Caption-style text data:
.....
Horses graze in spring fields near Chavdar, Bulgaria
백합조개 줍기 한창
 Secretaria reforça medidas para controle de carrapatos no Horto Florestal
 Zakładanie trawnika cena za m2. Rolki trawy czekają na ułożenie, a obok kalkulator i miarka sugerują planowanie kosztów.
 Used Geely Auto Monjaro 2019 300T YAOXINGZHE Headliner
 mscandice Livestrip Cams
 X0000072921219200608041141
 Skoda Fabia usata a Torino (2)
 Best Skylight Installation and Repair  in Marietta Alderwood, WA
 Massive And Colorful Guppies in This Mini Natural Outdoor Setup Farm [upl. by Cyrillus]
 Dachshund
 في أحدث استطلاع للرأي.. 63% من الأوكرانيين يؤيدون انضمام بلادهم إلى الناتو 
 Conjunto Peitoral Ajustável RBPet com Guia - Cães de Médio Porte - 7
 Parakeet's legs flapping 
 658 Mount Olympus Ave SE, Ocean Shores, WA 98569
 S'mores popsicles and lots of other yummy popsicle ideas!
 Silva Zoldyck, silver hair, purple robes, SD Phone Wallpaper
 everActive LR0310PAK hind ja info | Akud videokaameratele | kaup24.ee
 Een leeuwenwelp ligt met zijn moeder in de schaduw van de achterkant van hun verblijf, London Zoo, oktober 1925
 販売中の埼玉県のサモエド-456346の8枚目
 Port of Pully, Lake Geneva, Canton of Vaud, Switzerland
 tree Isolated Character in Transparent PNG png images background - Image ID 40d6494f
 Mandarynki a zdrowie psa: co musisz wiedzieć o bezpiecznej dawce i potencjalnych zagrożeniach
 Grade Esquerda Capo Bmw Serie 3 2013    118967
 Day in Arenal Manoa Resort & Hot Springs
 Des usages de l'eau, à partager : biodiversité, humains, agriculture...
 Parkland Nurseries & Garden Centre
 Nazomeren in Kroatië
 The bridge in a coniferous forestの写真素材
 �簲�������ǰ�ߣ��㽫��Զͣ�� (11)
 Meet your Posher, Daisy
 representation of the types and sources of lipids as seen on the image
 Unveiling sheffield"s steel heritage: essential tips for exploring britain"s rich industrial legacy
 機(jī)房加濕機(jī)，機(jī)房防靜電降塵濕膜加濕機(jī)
.....
> _Your task_:
Please retype exactly the line containing "tree Isolated Character" and each line after it to the end of the records, and nothing more.

> _The answer_:
 tree Isolated Character in Transparent PNG png images background - Image ID 40d6494f
 Mandarynki a zdrowie psa: co musisz wiedzieć o bezpiecznej dawce i potencjalnych zagrożeniach
 Grade Esquerda Capo Bmw Serie 3 2013    118967
 Day in Arenal Manoa Resort & Hot Springs
 Des usages de l'eau, à partager : biodiversité, humains, agriculture...
 Parkland Nurseries & Garden Centre
 Nazomeren in Kroatië
 The bridge in a coniferous forestの写真素材
 �簲�������ǰ�ߣ��㽫��Զͣ�� (11)
 Meet your Posher, Daisy
 representation of the types and sources of lipids as seen on the image
 Unveiling sheffield"s steel heritage: essential tips for exploring britain"s rich industrial legacy
 機(jī)房加濕機(jī)，機(jī)房防靜電降塵濕膜加濕機(jī)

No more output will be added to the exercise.